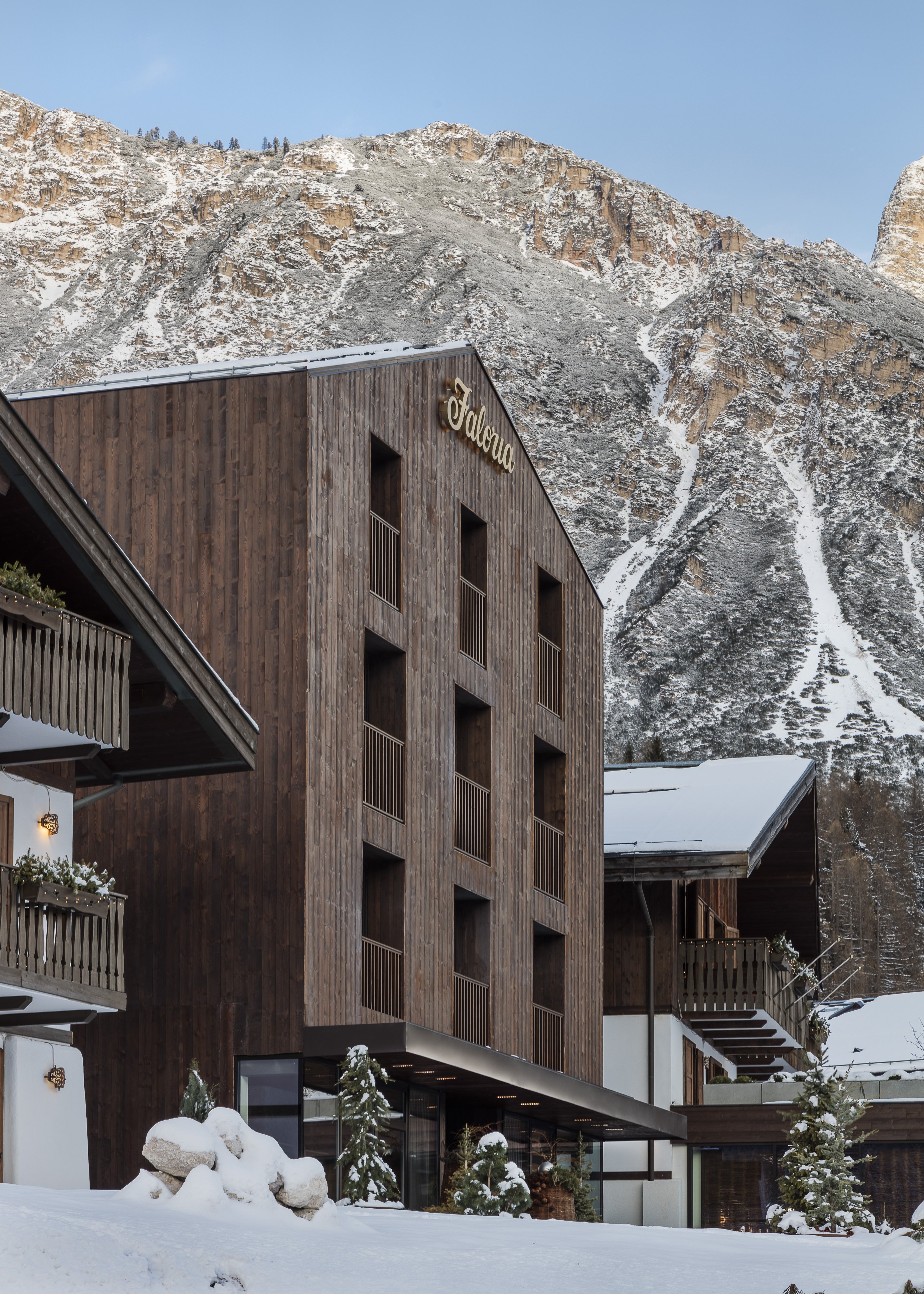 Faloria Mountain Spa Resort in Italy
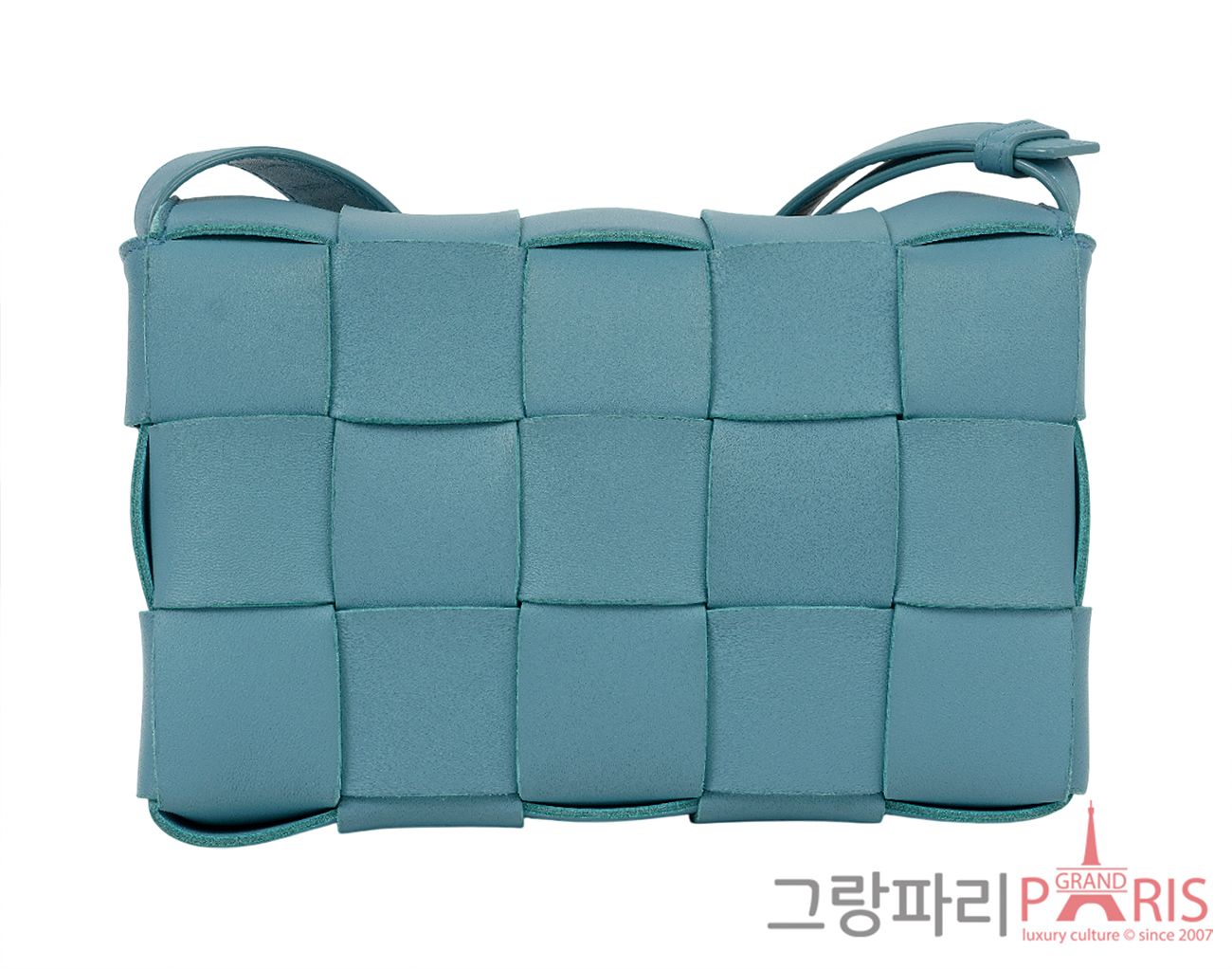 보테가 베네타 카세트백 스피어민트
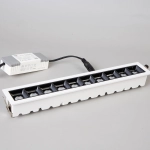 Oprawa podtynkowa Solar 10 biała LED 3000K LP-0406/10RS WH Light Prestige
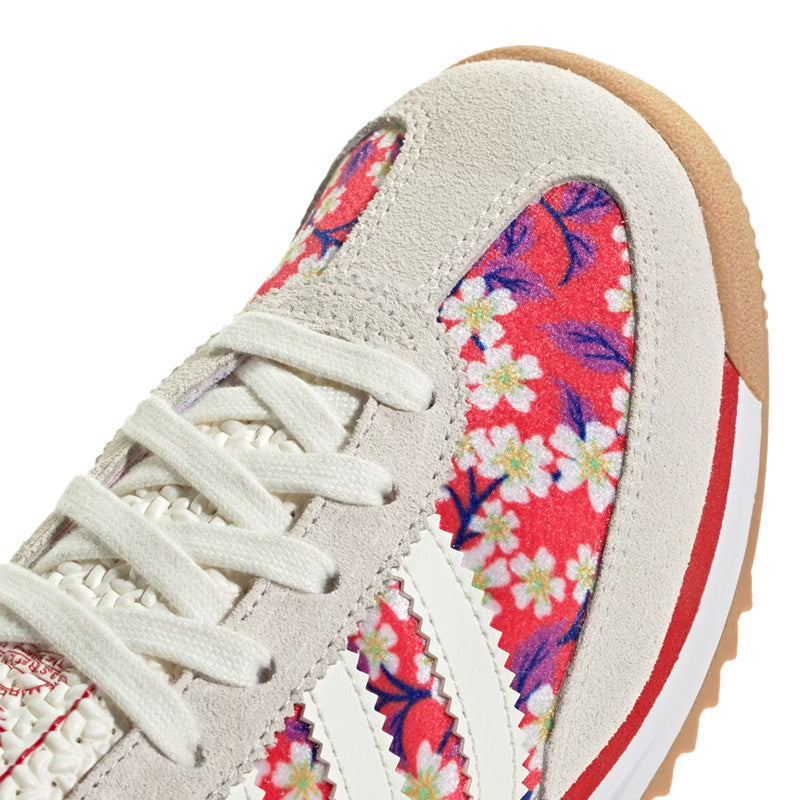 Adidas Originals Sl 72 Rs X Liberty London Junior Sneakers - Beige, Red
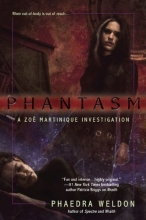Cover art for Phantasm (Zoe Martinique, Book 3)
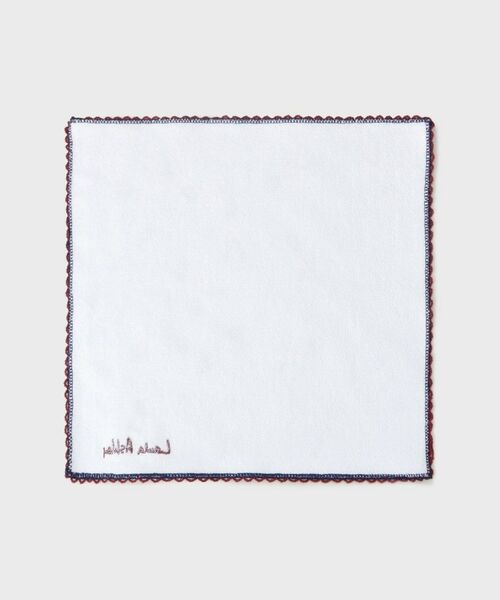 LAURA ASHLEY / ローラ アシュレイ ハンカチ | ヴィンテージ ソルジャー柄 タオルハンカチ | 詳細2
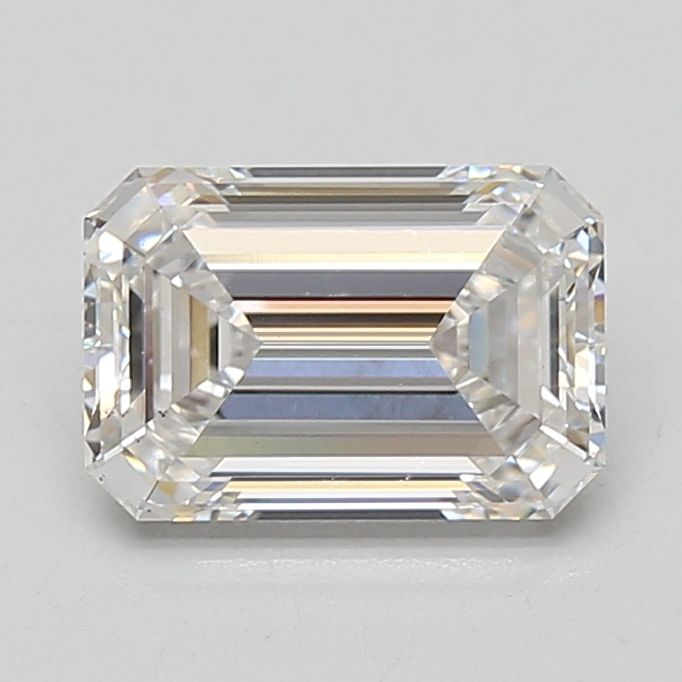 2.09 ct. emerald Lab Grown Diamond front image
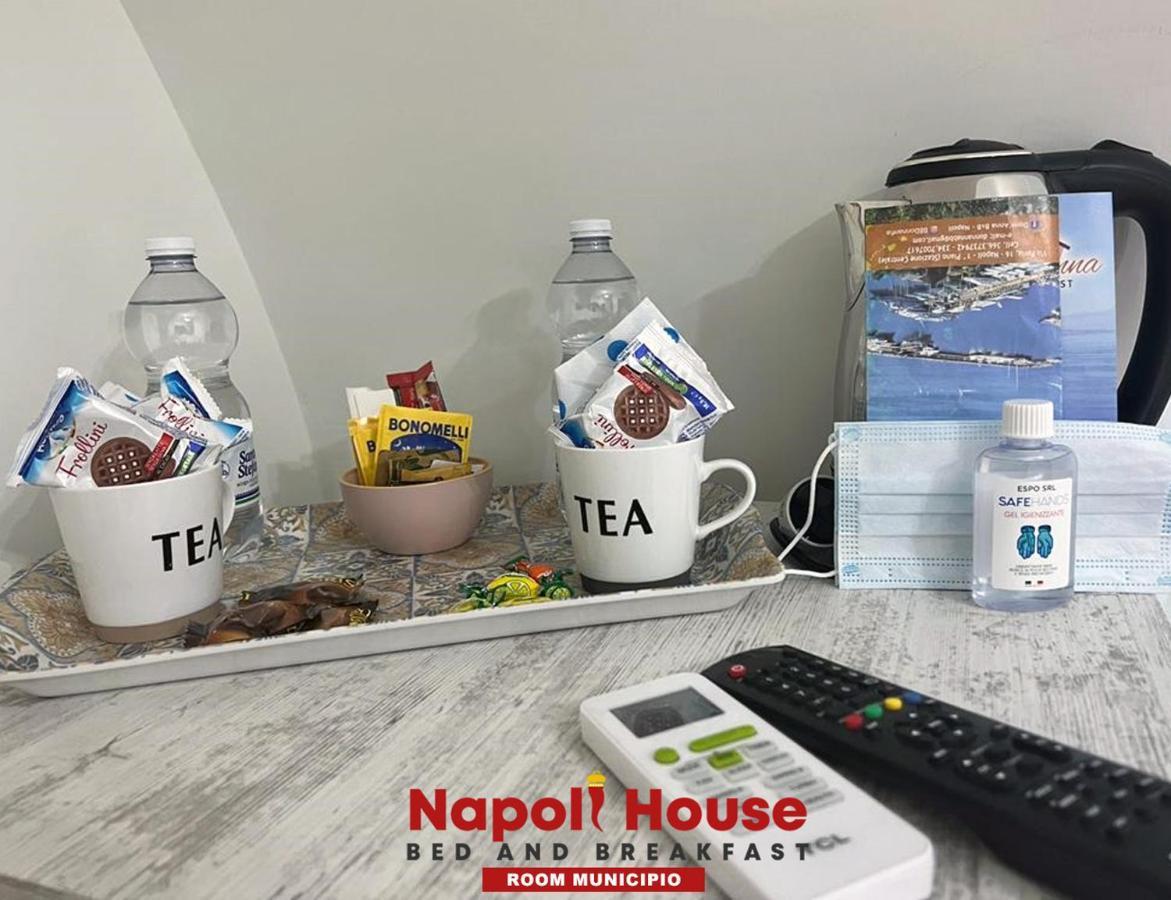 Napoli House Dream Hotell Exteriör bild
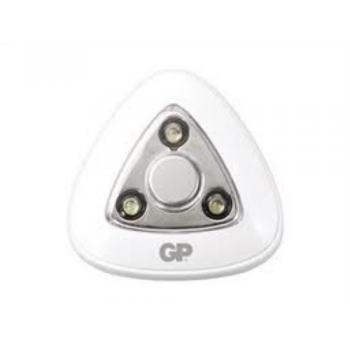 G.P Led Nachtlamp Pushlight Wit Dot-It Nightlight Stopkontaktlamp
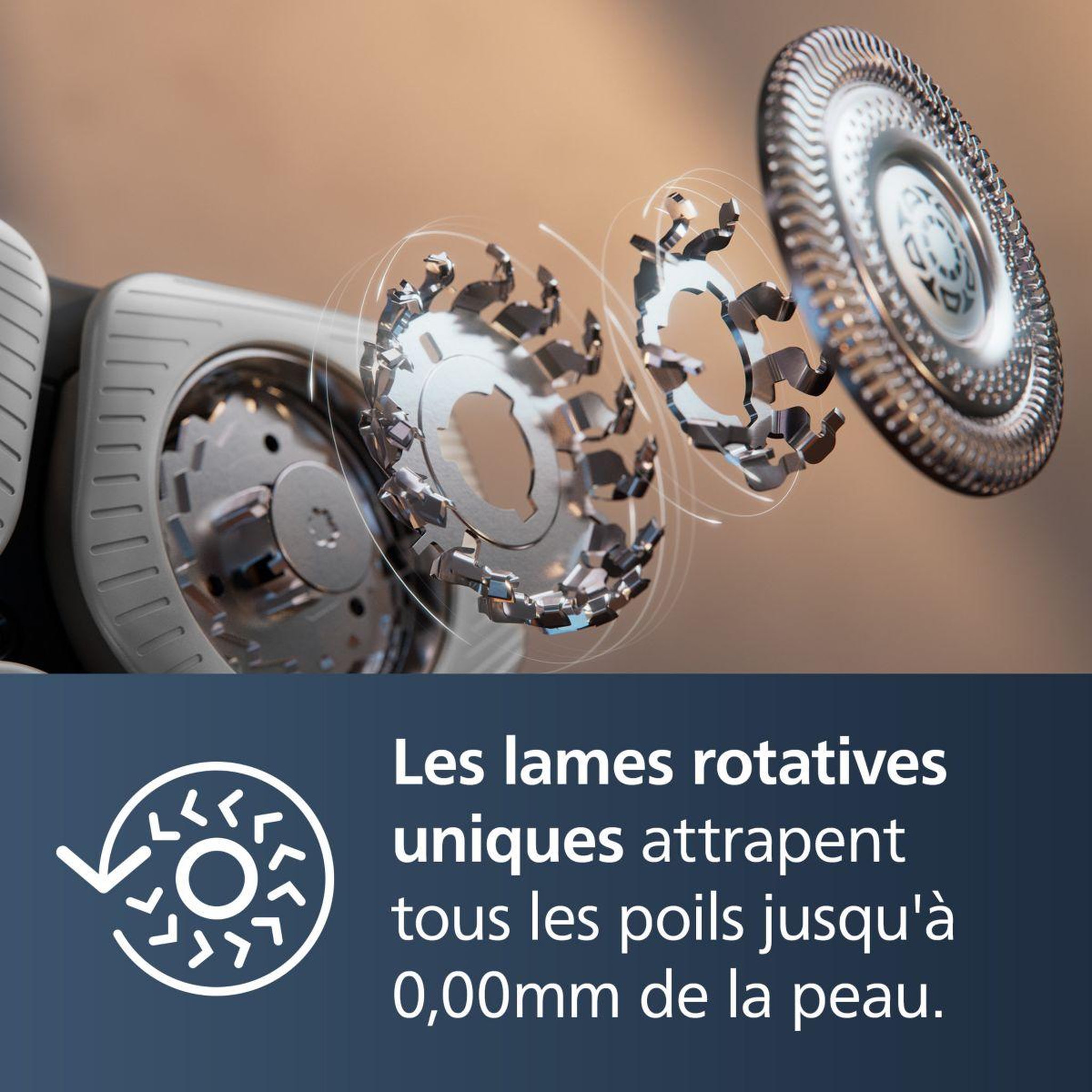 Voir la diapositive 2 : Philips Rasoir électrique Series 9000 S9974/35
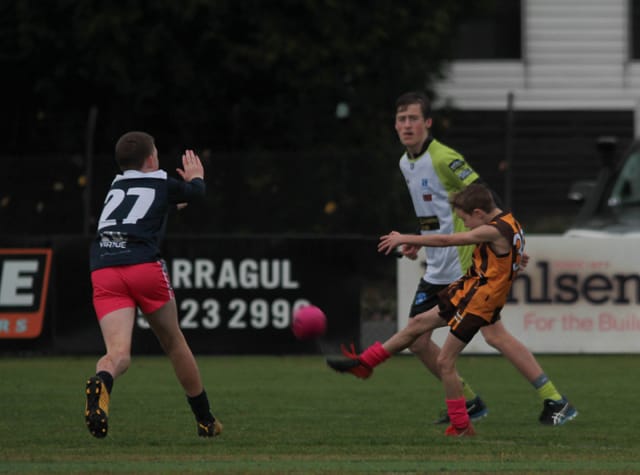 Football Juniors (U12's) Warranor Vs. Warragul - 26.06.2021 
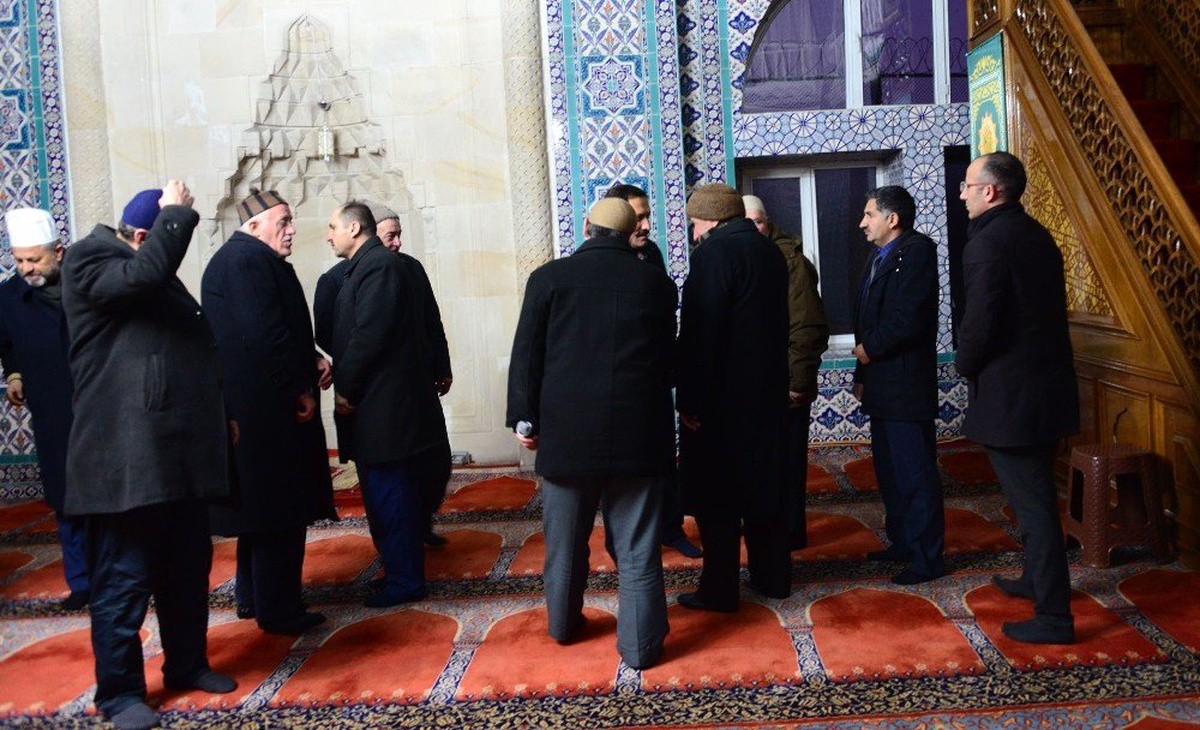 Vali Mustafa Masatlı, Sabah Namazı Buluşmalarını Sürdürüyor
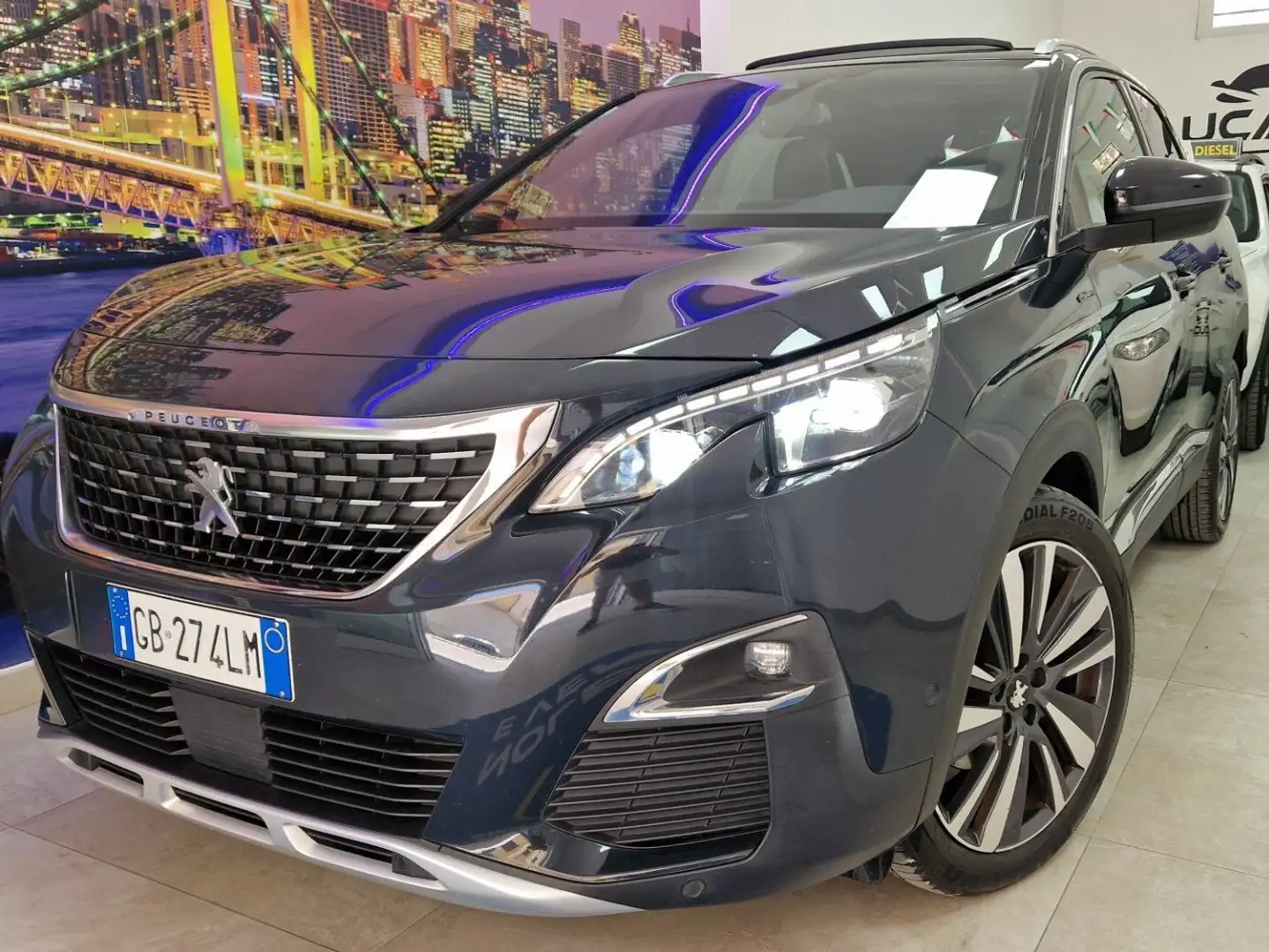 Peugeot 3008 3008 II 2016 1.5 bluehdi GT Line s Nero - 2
---
Transcribe every line from the one with "G.P Led Nachtlamp" to the last line of the records above, exactly, excluding pictures.

THE ANSWER:
 G.P Led Nachtlamp Pushlight Wit Dot-It Nightlight Stopkontaktlamp
 Voir la diapositive 2 : Philips Rasoir électrique Series 9000 S9974/35
 Football Juniors (U12's) Warranor Vs. Warragul - 26.06.2021 
 Vali Mustafa Masatlı, Sabah Namazı Buluşmalarını Sürdürüyor
 Peugeot 3008 3008 II 2016 1.5 bluehdi GT Line s Nero - 2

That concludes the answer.